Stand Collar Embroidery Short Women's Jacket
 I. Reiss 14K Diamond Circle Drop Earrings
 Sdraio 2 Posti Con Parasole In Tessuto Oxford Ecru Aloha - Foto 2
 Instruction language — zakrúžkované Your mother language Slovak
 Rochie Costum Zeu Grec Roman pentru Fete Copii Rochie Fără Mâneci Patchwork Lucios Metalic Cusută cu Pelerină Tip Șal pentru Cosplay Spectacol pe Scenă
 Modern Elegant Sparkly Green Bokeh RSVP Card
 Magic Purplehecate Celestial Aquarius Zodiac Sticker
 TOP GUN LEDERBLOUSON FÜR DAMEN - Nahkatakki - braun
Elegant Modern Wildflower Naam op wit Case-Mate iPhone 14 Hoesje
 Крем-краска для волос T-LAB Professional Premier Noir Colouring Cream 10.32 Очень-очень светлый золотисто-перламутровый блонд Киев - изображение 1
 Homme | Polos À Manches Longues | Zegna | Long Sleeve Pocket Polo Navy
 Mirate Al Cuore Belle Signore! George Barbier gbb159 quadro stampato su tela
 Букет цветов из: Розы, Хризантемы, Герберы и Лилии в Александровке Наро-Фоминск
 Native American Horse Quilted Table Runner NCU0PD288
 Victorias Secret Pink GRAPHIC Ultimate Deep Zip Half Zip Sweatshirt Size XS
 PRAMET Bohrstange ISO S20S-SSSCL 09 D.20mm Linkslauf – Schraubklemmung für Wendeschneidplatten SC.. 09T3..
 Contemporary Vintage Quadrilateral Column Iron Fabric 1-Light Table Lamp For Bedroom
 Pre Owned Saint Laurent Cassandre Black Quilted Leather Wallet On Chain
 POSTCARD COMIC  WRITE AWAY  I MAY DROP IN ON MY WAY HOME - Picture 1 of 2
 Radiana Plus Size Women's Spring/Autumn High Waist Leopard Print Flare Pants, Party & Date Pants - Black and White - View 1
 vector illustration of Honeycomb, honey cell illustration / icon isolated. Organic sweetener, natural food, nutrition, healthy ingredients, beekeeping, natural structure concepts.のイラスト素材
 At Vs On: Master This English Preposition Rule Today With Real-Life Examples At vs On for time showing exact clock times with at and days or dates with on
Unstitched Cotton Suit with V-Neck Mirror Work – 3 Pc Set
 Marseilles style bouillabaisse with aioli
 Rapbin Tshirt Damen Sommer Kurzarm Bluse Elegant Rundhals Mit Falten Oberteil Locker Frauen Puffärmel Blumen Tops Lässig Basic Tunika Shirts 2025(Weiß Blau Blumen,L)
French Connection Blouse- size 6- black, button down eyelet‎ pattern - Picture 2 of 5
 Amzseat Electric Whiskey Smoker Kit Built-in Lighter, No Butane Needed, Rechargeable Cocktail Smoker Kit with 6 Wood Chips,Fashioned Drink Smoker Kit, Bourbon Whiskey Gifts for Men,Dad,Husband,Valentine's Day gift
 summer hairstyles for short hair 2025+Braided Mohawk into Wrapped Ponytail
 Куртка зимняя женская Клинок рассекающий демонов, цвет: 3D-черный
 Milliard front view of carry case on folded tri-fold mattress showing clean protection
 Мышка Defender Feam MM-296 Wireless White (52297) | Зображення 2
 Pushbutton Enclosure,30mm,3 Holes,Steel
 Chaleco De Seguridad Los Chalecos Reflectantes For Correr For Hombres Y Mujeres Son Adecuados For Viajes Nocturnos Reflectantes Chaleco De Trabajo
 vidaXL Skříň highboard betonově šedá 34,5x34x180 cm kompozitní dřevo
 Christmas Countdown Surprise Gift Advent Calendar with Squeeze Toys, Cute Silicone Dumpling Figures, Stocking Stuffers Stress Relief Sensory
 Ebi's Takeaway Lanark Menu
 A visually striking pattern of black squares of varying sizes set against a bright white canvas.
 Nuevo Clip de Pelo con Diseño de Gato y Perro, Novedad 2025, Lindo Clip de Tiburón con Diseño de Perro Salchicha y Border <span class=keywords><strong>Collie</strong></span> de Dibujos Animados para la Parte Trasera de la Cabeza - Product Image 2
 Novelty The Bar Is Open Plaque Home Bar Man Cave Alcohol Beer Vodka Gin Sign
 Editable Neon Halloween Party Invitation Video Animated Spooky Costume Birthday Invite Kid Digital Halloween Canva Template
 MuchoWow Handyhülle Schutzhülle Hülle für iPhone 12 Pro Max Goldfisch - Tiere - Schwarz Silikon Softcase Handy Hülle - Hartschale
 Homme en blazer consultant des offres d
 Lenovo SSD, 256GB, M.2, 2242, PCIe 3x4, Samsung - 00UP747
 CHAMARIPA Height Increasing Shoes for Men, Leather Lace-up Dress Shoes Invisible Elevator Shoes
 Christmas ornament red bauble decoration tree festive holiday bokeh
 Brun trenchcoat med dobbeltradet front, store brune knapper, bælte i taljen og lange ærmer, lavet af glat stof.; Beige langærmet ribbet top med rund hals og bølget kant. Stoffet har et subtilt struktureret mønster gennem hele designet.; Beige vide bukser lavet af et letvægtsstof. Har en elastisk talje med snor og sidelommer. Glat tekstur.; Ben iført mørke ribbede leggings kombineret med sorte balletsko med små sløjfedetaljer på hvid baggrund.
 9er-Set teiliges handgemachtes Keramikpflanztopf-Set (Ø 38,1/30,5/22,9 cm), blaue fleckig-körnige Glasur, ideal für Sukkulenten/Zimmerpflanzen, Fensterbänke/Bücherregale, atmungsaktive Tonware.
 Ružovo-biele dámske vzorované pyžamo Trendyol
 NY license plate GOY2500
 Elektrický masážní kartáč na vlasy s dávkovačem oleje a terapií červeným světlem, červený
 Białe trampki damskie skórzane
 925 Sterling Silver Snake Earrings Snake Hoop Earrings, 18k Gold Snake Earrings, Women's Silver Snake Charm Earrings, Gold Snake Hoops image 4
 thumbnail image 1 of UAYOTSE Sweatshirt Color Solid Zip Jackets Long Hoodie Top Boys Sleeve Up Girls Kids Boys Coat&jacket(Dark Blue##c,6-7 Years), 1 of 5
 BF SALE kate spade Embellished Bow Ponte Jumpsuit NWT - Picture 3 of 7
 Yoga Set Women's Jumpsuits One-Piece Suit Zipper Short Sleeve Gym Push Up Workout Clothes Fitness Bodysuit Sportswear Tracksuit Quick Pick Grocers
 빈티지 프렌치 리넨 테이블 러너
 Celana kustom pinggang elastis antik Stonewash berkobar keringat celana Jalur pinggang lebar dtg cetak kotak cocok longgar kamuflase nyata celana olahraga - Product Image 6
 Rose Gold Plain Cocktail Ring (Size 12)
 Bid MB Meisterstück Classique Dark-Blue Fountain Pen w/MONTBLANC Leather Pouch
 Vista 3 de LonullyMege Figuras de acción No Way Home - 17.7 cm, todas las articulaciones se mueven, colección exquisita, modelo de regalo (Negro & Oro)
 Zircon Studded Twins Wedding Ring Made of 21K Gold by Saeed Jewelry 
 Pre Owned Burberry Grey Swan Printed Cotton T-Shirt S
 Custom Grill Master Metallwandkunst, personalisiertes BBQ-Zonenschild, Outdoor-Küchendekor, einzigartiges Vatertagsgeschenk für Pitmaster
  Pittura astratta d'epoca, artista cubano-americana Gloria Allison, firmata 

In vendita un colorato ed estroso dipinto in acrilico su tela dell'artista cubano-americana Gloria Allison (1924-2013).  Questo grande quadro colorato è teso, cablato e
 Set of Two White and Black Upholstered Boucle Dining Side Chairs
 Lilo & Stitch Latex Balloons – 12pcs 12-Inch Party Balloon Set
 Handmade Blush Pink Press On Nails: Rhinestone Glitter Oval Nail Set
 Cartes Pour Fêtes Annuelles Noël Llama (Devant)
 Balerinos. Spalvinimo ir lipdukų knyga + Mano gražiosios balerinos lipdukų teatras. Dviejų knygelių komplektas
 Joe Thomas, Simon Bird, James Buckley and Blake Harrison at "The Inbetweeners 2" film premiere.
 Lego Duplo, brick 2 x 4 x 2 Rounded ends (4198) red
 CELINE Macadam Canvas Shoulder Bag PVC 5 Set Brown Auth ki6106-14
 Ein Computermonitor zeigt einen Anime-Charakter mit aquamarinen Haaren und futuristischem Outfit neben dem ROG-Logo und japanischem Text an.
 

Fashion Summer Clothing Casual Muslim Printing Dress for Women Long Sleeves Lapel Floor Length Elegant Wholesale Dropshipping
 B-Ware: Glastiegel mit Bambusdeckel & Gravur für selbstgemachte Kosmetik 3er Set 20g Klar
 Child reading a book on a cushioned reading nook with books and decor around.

## Problem statement
Reproduce, exactly as they stand in the data above, the lines from the one that holds "thumbnail image 1" to the one that holds "Bid MB Meisterstück", inclusive.

## Exercise solution
 thumbnail image 1 of UAYOTSE Sweatshirt Color Solid Zip Jackets Long Hoodie Top Boys Sleeve Up Girls Kids Boys Coat&jacket(Dark Blue##c,6-7 Years), 1 of 5
 BF SALE kate spade Embellished Bow Ponte Jumpsuit NWT - Picture 3 of 7
 Yoga Set Women's Jumpsuits One-Piece Suit Zipper Short Sleeve Gym Push Up Workout Clothes Fitness Bodysuit Sportswear Tracksuit Quick Pick Grocers
 빈티지 프렌치 리넨 테이블 러너
 Celana kustom pinggang elastis antik Stonewash berkobar keringat celana Jalur pinggang lebar dtg cetak kotak cocok longgar kamuflase nyata celana olahraga - Product Image 6
 Rose Gold Plain Cocktail Ring (Size 12)
 Bid MB Meisterstück Classique Dark-Blue Fountain Pen w/MONTBLANC Leather Pouch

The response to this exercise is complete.